Windows Subsystem for Android now runs Android 12L and gets lots of improvements
Microsoft is rolling out an update for the Windows Subsystem for Android for Insiders running the latest build of Windows 11 in either the Dev or Beta channels. This update, version 2204.40000.15.0, brings along a ton of improvements, starting with the fact that WSA now runs Android 12.1, which is more commonly known as Android 12L.
There’s a lot more than that, though. For starters, Android apps now support advanced networking features on Windows 11, meaning you can use Android apps to connect to other devices on the same network as your PC, like smart cameras or a speaker. Android apps also integrate better with Windows now, so you can see what Android apps are using your microphone, location, just as you would with a native Windows app. Notifications from Android apps have also been improved to integrate better with Windows notifications.

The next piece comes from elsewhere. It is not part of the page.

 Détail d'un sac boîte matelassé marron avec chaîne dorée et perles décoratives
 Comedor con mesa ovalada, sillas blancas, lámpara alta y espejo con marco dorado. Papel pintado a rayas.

The new Windows Subsystem for Android also comes with a brand new Settings app, which is redesigned from the ground up. It now has grouped navigation to make it easier to find the options you’re looking for, and there’s a new diagnostic data viewer so you can see what data has been collected by the Windows Subsystem for Android. On that note, Microsoft is also disabling optional diagnostic data by default, and you’ll have to enable it if you want to help Microsoft further improve the experience.
Microsoft has also worked out a handful of bugs with Android apps that use the camera. Camera orientation should now follow the natural orientation of your hardware, plus issues with camera previews as well as distortion of the camera feed have now been fixed. Input devices should work better, too, with improved support for scroll wheels in mice, fixes for keyboard focus, and more.
The full changelog also includes some other interesting tidbits, such as support for video hardware decoding with VP8 and VP9 formats, the built-in WebView being updated to Chromium 100, and more.
Microsoft does warn of some issues with this version of the Windows Subsystem for Android, including instability with camera apps on Arm devices, printing, and a few more. Some of these issues are caused by the transition to Android 12.1, according to Microsoft.
If you’re running Windows 11 build 22621 or above, you should be able to grab the update from the Microsoft Store. It may be rolling out gradually, though, as we’ve been unable to find it ourselves. This version should eventually make its way to everyone.